Eser-i cedide sanatıyla cami ve evlerde "iz bırakmak" istiyor -"Özel hamurdan elde edilen bir seramik kaide üzerine çeşitli şekillerde motiflerin işlenmesi" diye bilinen eser-i cedide sanatının Türkiyedeki öncülüğünü, sanatçı Gürsesli yapı


YALOVA (A.A) - İsmail Ersan - "Özel hamurdan elde edilen bir seramik kaide üzerine çeşitli şekillerde motiflerin işlenmesi" olarak bilinen eser-i cedide sanatının Türkiyedeki öncüsü Osman Nuri Gürsesli (57), "Hem camilere hem de bütün evlere eserlerimle girmek istiyorum" dedi.
     Gürsesli, AA muhabirine yaptığı açıklamada, Yalovada doğduğunu ve özel bir bankadan 1993 yılında emekli olduğunu belirtti.
     Sanat yaşamına, ilkokul yıllarında okul gazetesi ve dergilerine resimler çizerek başladığı bilgisini veren Gürsesli, şöyle devam etti:
     "Eser-i cedide sanatına, 17 Ağustos 1999da meydana gelen Marmara depreminden sonra prefabrike konutta kalırken hobi olarak başladım. Önce vazolara yağlı boyayla çeşitli motifler yapıp dostlarıma hediye ettim. Apartmana taşınınca yaptığım büyük objeler oraya sığmadı. Bu nedenle çalışmalarımı seramiğe yansıttım. Motifleri, seramik kaide üzerine işliyordum. Yaptığım işin ne olduğunu isimlendiremiyordum. 2006da, Yalova Belediyesi Sergi Salonunda sergi açtım. Hattat Yusuf Sezer, eserlerimi gördü ve Bunların adı eser-i cedide olsun dedi. Bunu atölye çalışmalarımızda deneme yanılma şeklinde geliştirdik. Hobi olarak başladığım eser-i cedide işinde profesyonelliğe soyundum. Kültür ve Turizm Bakanlığından 2008de sanatçı belgesini aldım ve profesyonel bir şekilde bu işi devam ettirmeye başladım."
    
     -"Tesadüfen bulduğumuz bir çalışma"-
    
     Gürsesli, eser-i cedidenin, pek tanınan ve bilinen bir teknik olmadığını anlattı.
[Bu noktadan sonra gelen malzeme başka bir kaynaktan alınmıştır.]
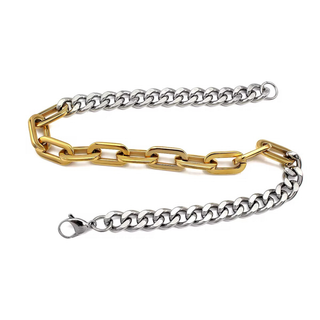 Hollis Two-Tone Link Necklace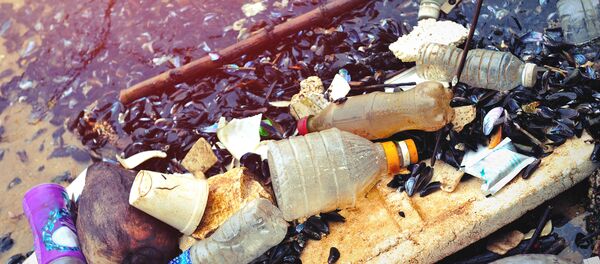 プラスチックのゴミ プラスチックのゴミ - Sputnik 日本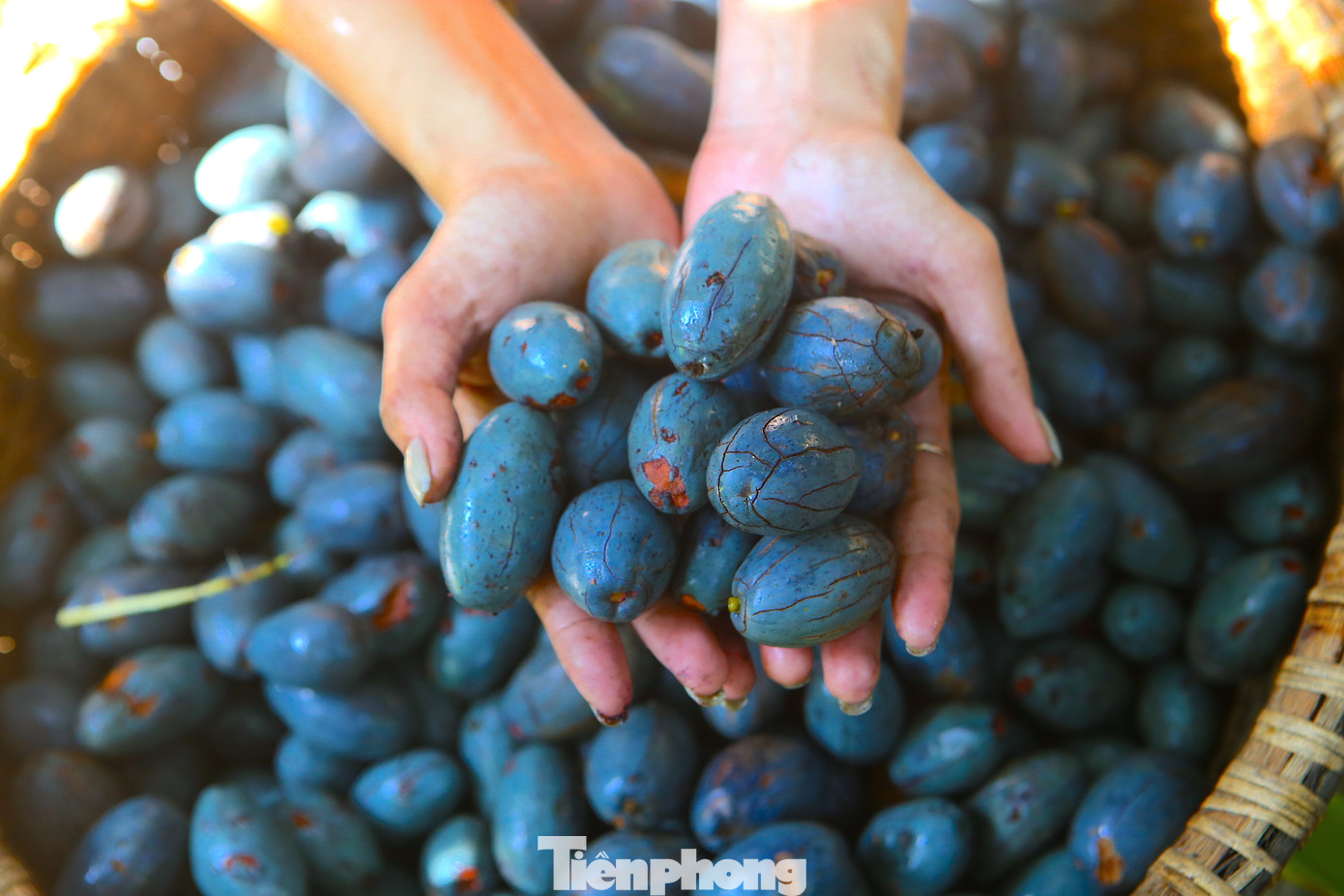 Một số tiểu thương cũng đến săn lùng tìm mua những gốc cọ có quả ngon, béo và vỏ dày. Giá được mua tại vườn từ 15-20 ngàn đồng/kg.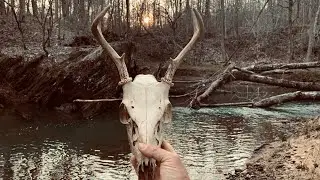 &ldquo;First Deadhead Of The Year, Arrowhead Hunting North Georgia&rdquo;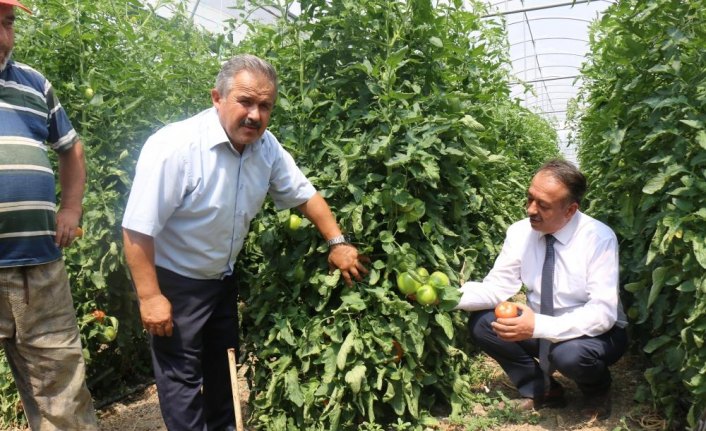 Tarım Müdürü Sarı, seraları gezdi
     Bu sanatın, ebru tekniğinin seramiğe yansıtılması diye tanımlanabileceğine dikkati çeken Gürsesli, şunları kaydetti:
     "Çalıştığımız objeleri suyun içinde zar haline getirip daha sonra el değmeden aynı ebruda olduğu gibi seramiğe çekiyoruz. Daha sonra varaklarını, gerekirse sim kalemlerle detay işlemelerini yapıyoruz. Buralarda fırın olmadığı için hazır seramikler kullanıyoruz. Bu seramikleri, damlama vernikle boyayıp esere son halini veriyoruz. Varak tekniğini ise doğaçlama olarak yapıyoruz. Tesadüfen bulduğumuz bir çalışma. Şu anda da çok rağbet görüyor."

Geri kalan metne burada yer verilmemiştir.